Читательский клуб имени корнета Плетнева

Заседание шестьдесят пятое

Глубокая философия лежания в кровати

ДАРЬЯ РОВБУТ

Сью Таунсенд. «Женщина, которая легла в кровать на год». «Фантом Пресс», 2014.

Любите ли вы английский юмор так, как люблю его я? Eсли нет, то книга вам не понравится. Потому что она — его истинный образчик.

В ней тонкая ирония, которую выдают лишь дрогнувшие уголки губ, соседствует с шокирующе откровенным гротеском — и возникает то самое ощущение неловкости, как когда чопорные британцы начинают кидать друг в друга тортами.
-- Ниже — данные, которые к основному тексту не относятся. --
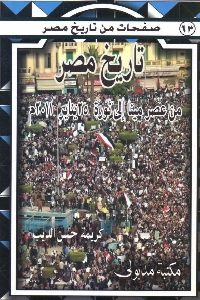 تحميل كتاب تاريخ مصر من عصر مينا إلى ثورة 25 يناير 2011 م pdf لـ كريمة حسن الديب 363 200x300 - تحميل كتاب تاريخ مصر من عصر مينا إلى ثورة 25 يناير 2011 م pdf لـ كريمة حسن الديب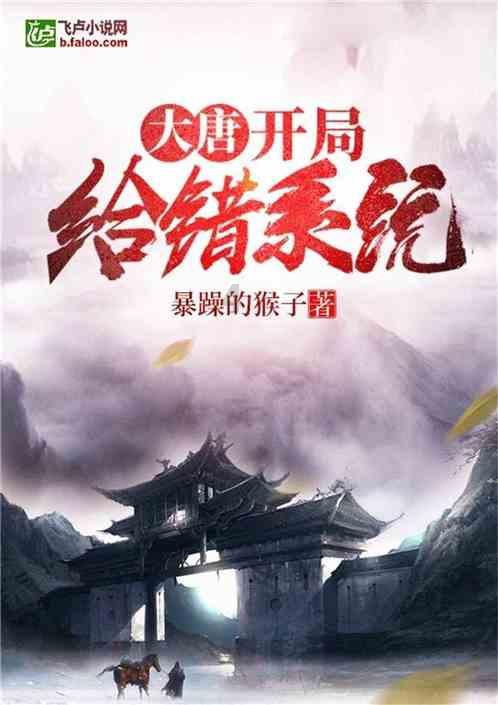 节奏地牢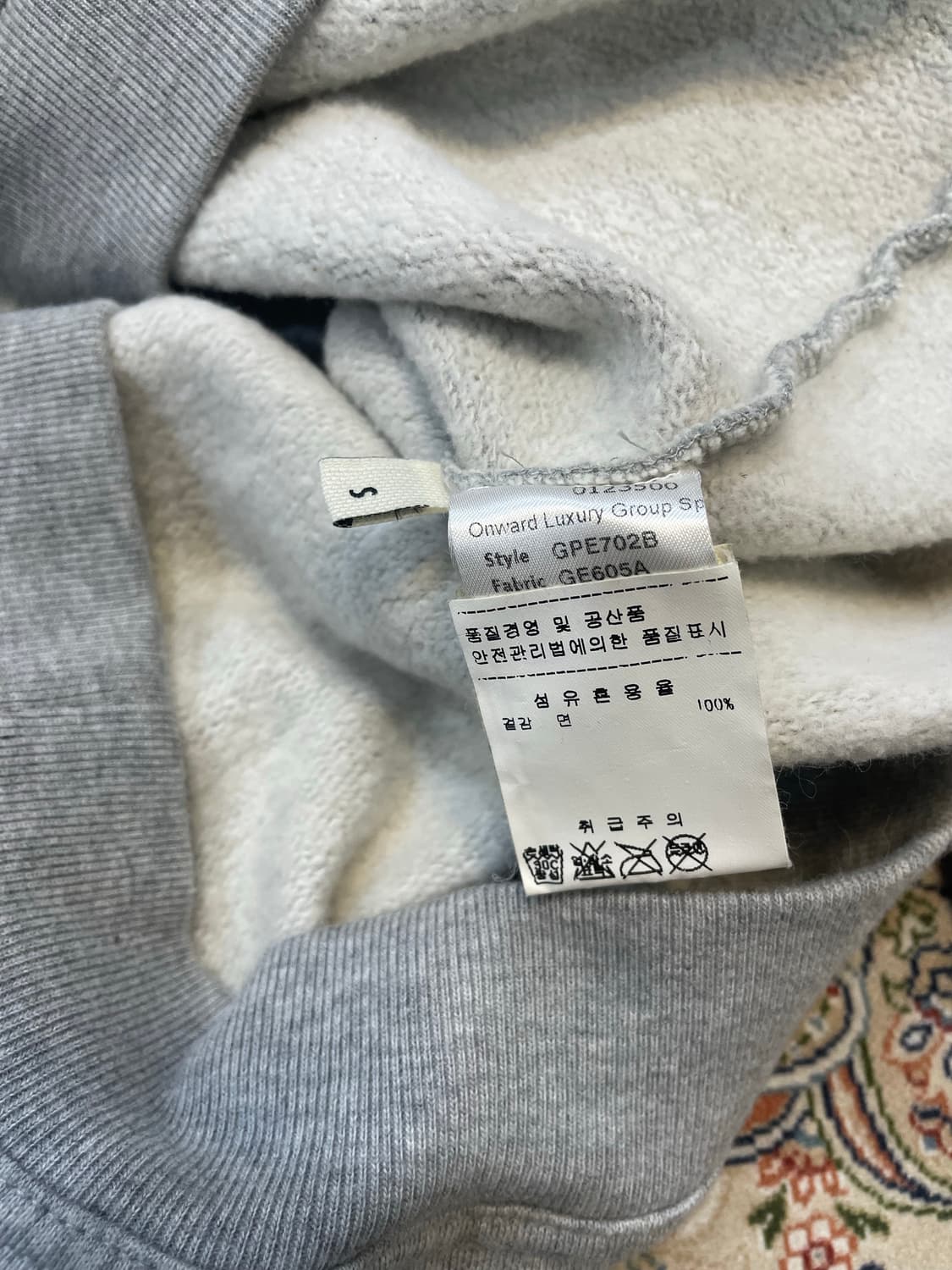 장폴고티에 맨투맨 S 상품이미지4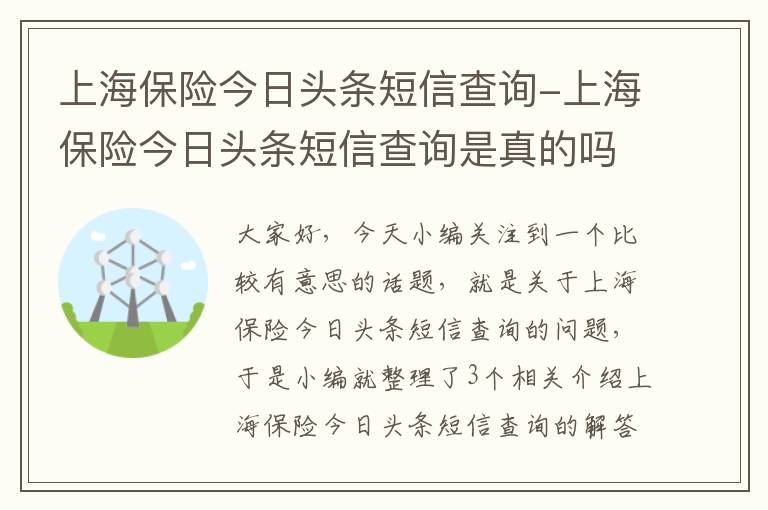 上海保险今日头条短信查询-上海保险今日头条短信查询是真的吗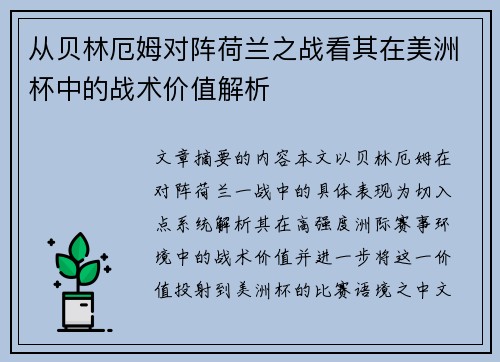 /uploads/images/20260702/cong-bei-lin-e-mu-dui-zhen-he-lan-zhi-zhan-kan-qi-zai-mei-zhou-bei-zhong-de-zhan-shu-jia-zhi-jie-xi.webp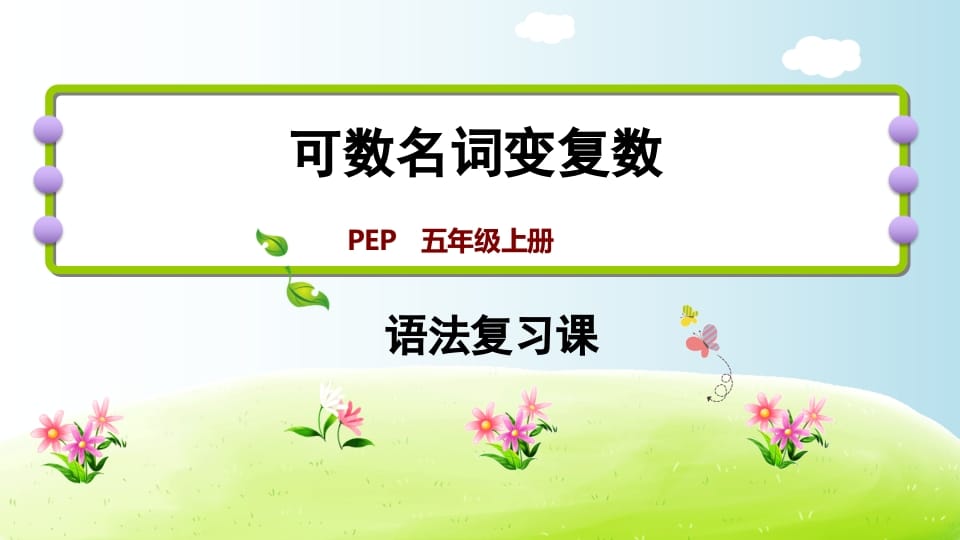 五年级英语上册可数名词变复数（人教版PEP）-淘课榜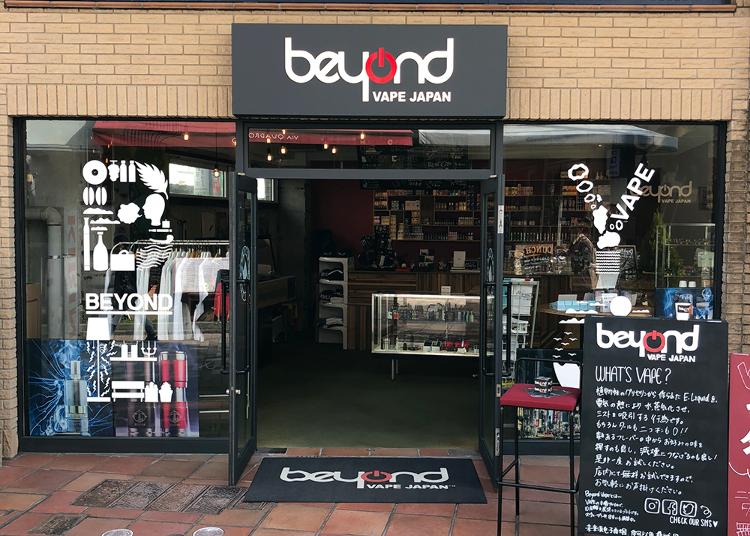 No.3：Beyond Vape Japan Harajuku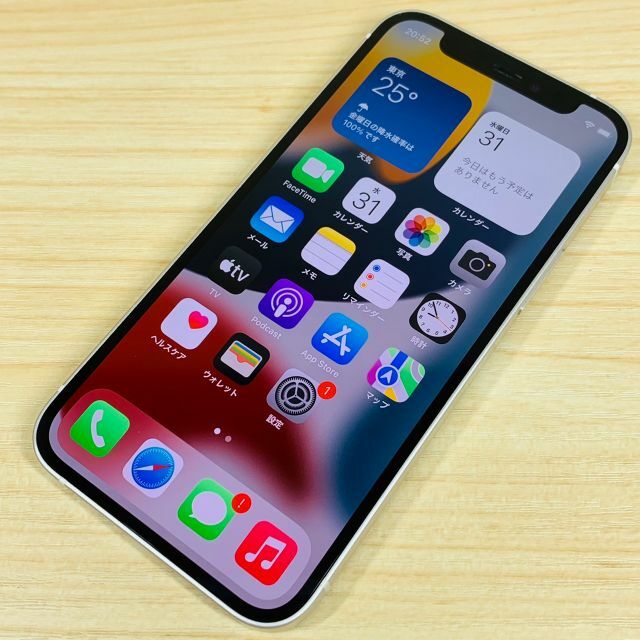 新品 美品 iPhone12 mini 128GB P73 agapeeurope.org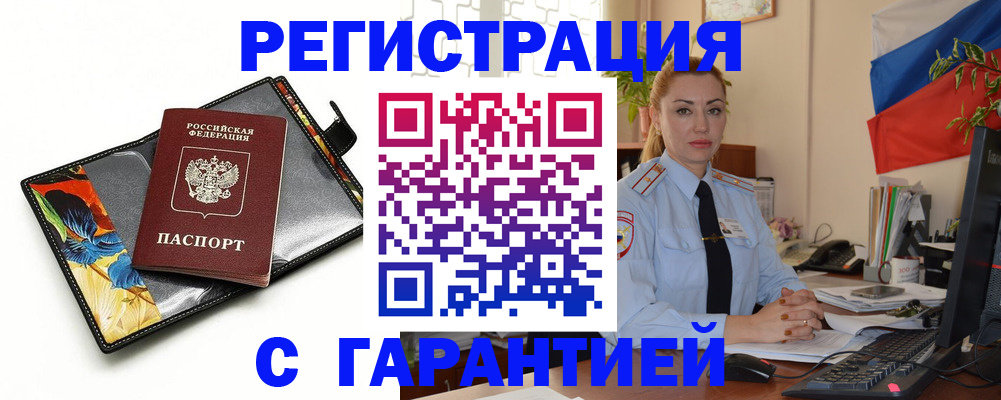 прописка для кредита в Кургане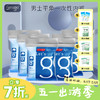 18条 6包装Freego第四代男士一次性纯棉内裤平角款差旅用品日抛免洗 商品缩略图0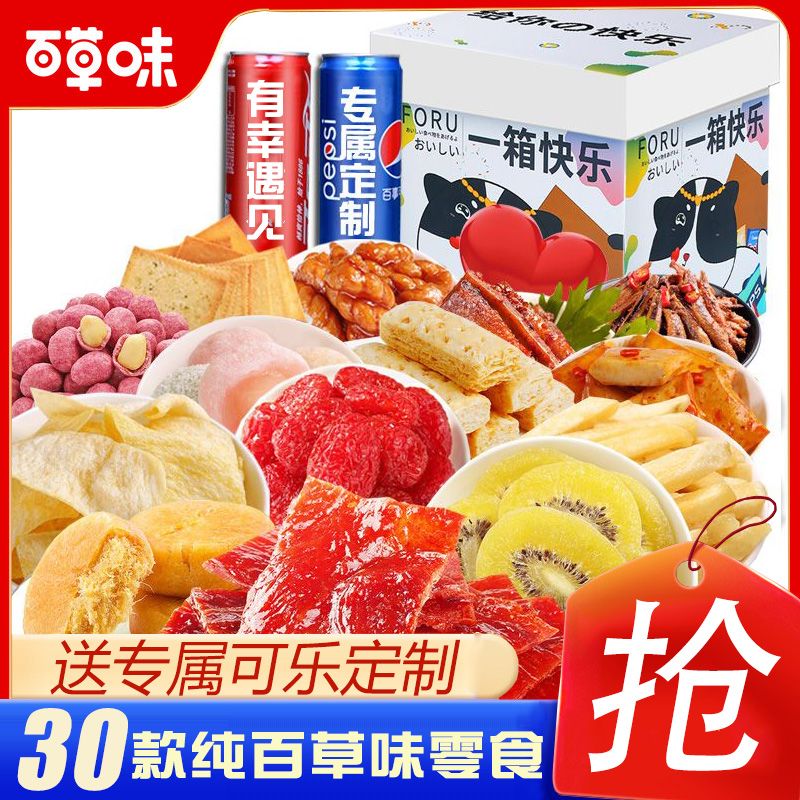 【百草味】零食大礼包1105g解馋小零食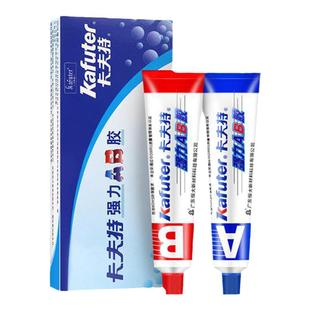 卡夫特强力ab胶丙烯酸酯结构胶粘接塑料木材金属不锈钢陶瓷木头专用 高强度K-8810W快干胶耐高温焊接胶水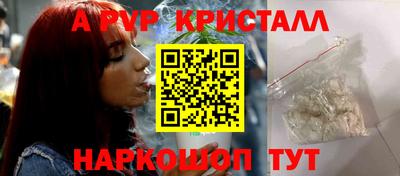 экстази Можга
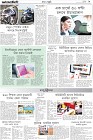 page-9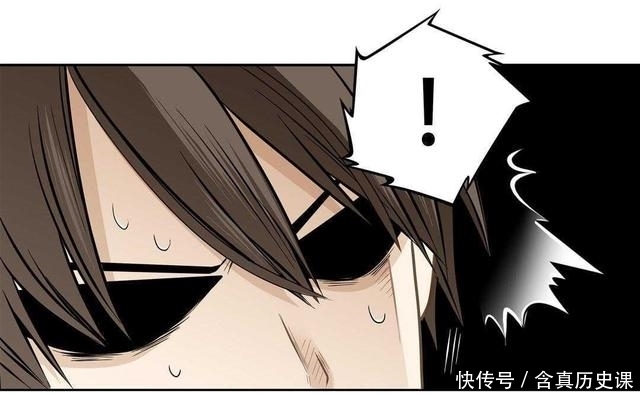 小哥|外卖小哥被算命先生预言“黄袍加身”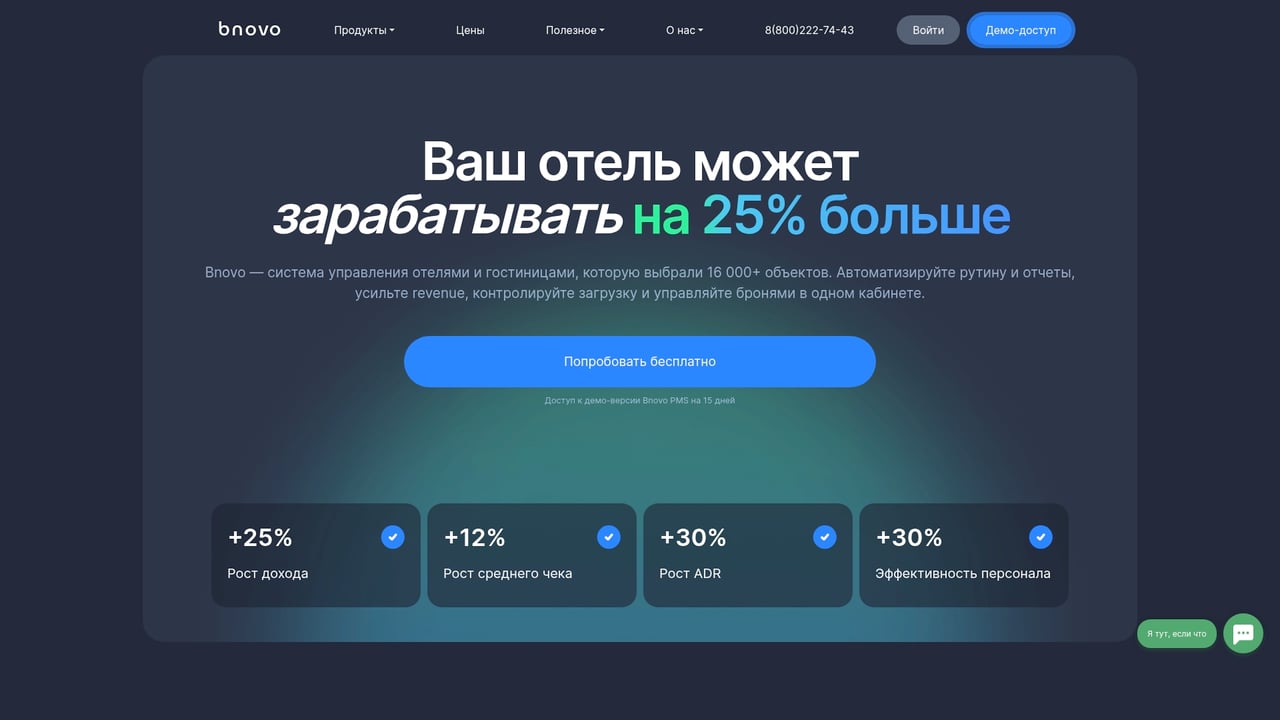 Screenshot of Bnovo website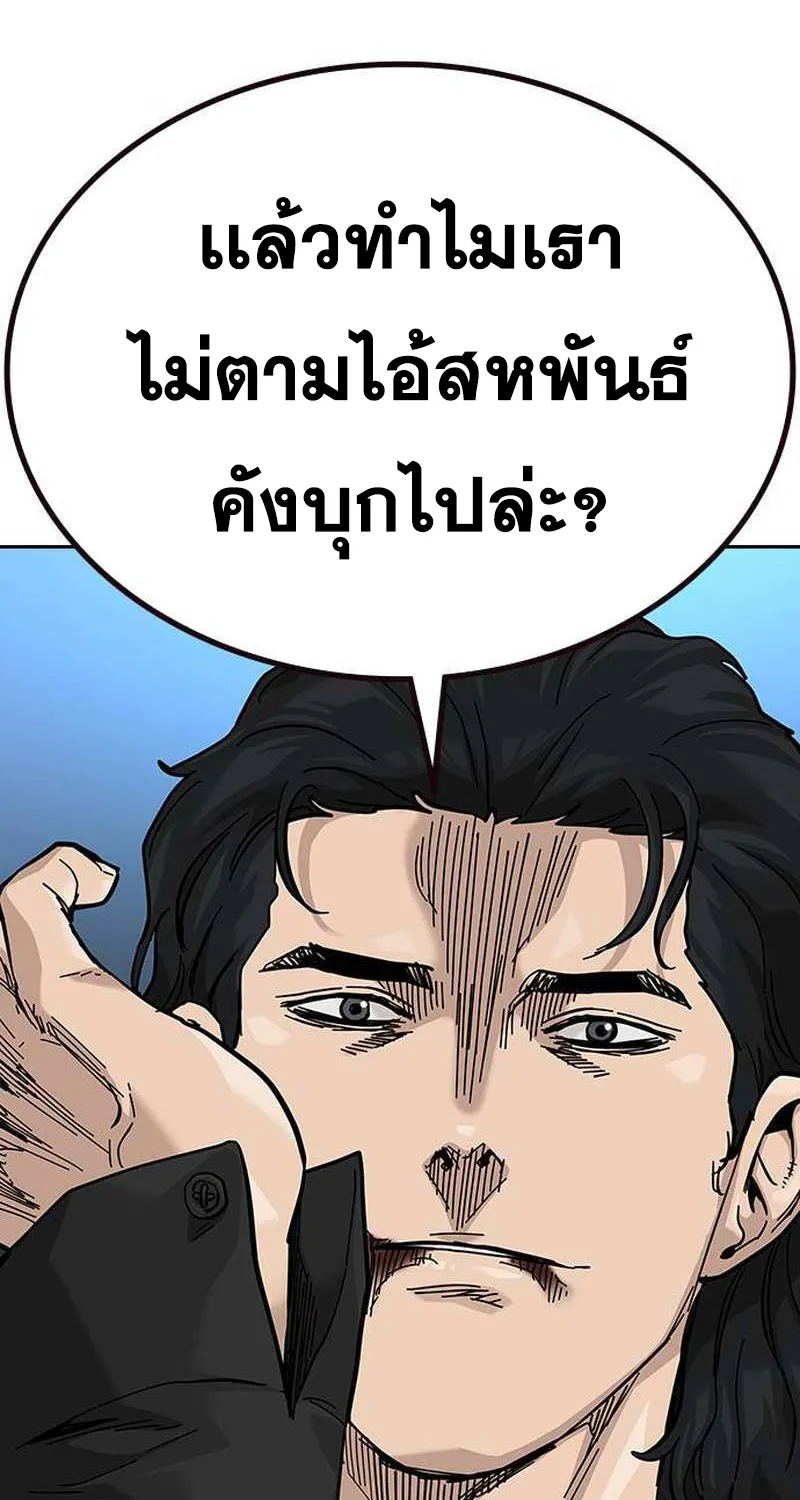 To Not Die เหยื่ออย่างผมต้องรอด - หน้า 81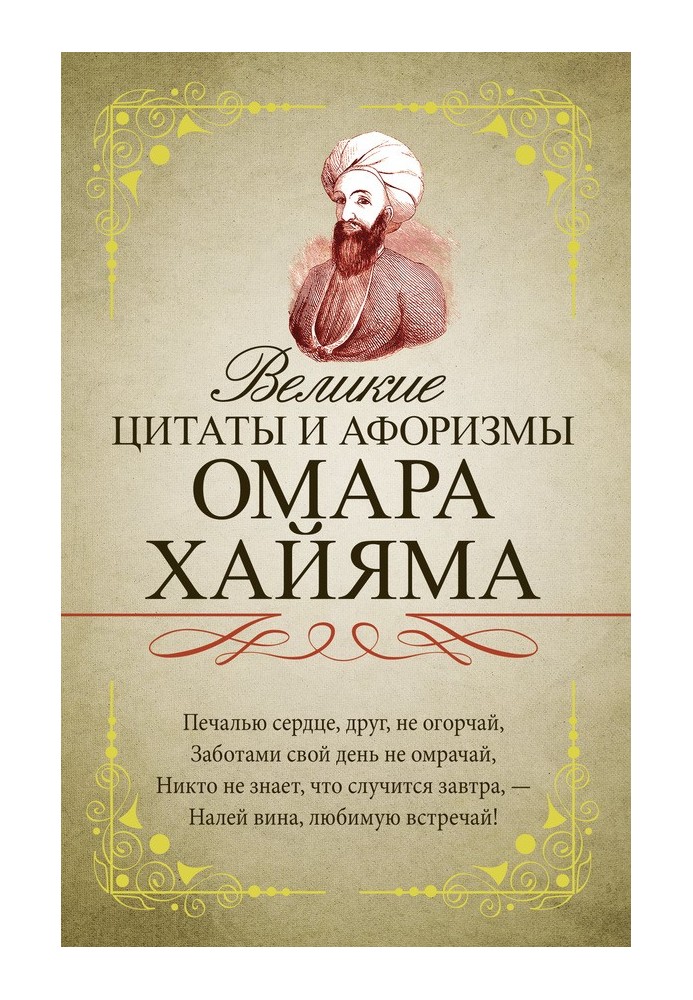 Великі цитати та афоризми Омара Хайяма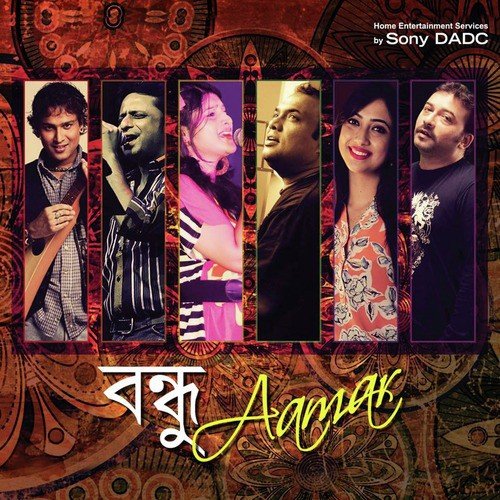 Paharia Jhora - Various Artists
Хочется встать и громко спросить: «Что за чушь здесь творится?»

В книге Сью Таунсенд творится обычная повседневная жизнь, ход которой совершенно неожиданно для окружающих нарушает 50-летняя домохозяйка Eва. Она провожает за дверь своих детей-двойняшек, только что поступивших в университет, и мужа, который вызвался отвезти их туда на машине. Поднимается в спальню, ложится в кровать и. не встает целый год. Потому что — задолбалась.

— И как давно вы чувствуете усталость? — спросил доктор.

— Семнадцать лет. С тех пор, как родились близнецы.

«Может ли послеродовая депрессия длиться 17 лет?», — задается вопросом Eва. Она не знает ответа, но ограниченность собственных знаний нисколько ее не тяготит. Потому что она приняла решение. Наверное, первое в жизни по-настоящему собственное решение — не вставать с кровати, пока не почувствует, что готова к этому.

— Как насчет ужина? — спросил муж.

— Нет, спасибо, я не голодна, — ответила Eва.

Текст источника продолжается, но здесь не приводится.